I felt that other readers and commenters have missed you and your comments as well. The Body of Christ does not consist of numerous islands, but rather of members, members one of another. When one member is missing, the other members are grieved as we are all made to be complementary of one another. Although God has not given us the same gifts, He wants us to use them as He sees fit so that the whole Body might grow into Him. The greatest gift He has given us, of course, is His love.
11 And he gave the apostles, the prophets, the evangelists, the shepherds and teachers,
12 to equip the saints for the work of ministry, for building up the body of Christ,
13 until we all attain to the unity of the faith and of the knowledge of the Son of God, to mature manhood, to the measure of the stature of the fullness of Christ,
14 so that we may no longer be children, tossed to and fro by the waves and carried about by every wind of doctrine, by human cunning, by craftiness in deceitful schemes.
15 Rather, speaking the truth in love, we are to grow up in every way into him who is the head, into Christ,
16 from whom the whole body, joined and held together by every joint with which it is equipped, when each part is working properly, makes the body grow so that it builds itself up in love. (Eph 4:11-16 ESV)
The last verse says that the body grows provided that “each part is working properly.” We know if one member suffers, all suffer. I believe we all need an intimate relationship with our Creator every day. Not for ourselves alone but also for everyone who is not yet there in the Kingdom of God, walking in the Spirit and in the heavenlies with Him. If there is only one sheep missing, we know from Jesus Himself how His heart longs for this missing sheep. Jesus said,
“What do you think? If a man has a hundred sheep, and one of them has gone astray, does he not leave the ninety-nine on the mountains and go in search of the one that went astray? And if he finds it, truly, I say to you, he rejoices over it more than over the ninety-nine that never went astray. So it is not the will of my Father who is in heaven that one of these little ones should perish.” (Mt 18:12-14 ESV)
Michael, you are welcome as to my prayers; I had to intercede as my heart was so grieved due to this prayer burden. But oh, I am so glad God drew you back with His love! Thank you, Jesus!! 🙂 ❤
Be blessed by Him, my brother.
PS
I just decided to add an excerpt from TAS as to this part “Lord Lord… I never knew you….” from the gospel of Matthew, chapter seven. TAS confirmed that Jesus’ disciples were included/addressed here. He said,
“The fruit which proves the genuineness of the tree is not the leaves of profession: “Lord, Lord”, it is the genuine fruit of doing the will of the Father.
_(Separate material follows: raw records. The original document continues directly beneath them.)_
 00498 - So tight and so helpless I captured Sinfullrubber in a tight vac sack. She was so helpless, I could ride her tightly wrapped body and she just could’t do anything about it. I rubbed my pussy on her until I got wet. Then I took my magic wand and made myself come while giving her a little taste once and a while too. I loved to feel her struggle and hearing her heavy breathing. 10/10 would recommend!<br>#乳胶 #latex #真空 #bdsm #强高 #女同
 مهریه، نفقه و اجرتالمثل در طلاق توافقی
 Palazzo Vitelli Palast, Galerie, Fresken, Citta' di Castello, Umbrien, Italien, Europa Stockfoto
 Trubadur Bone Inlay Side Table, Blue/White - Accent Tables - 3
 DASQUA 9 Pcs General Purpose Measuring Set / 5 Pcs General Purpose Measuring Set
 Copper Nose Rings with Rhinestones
And the tree must be a genuine, good tree to do that and not a make-believe tree. That is, there must be genuineness here. It is that that He is after. He even, mark you, includes in this searching word His own disciples. Oh yes, they are included in those who are saying: “Lord, Lord”. Their subsequent history proves this, and we shall see that. Not on the rim of the crowd only but right there at the centre, near to Him, there were those closely associated, following Him about every day saying: “Lord, Lord” and He does not spare them. He says, even to them – and it was kind of Him, it was not cruel or harsh, it was good of Him to do it – the Lord has nothing to gain from having outward professions of friendship.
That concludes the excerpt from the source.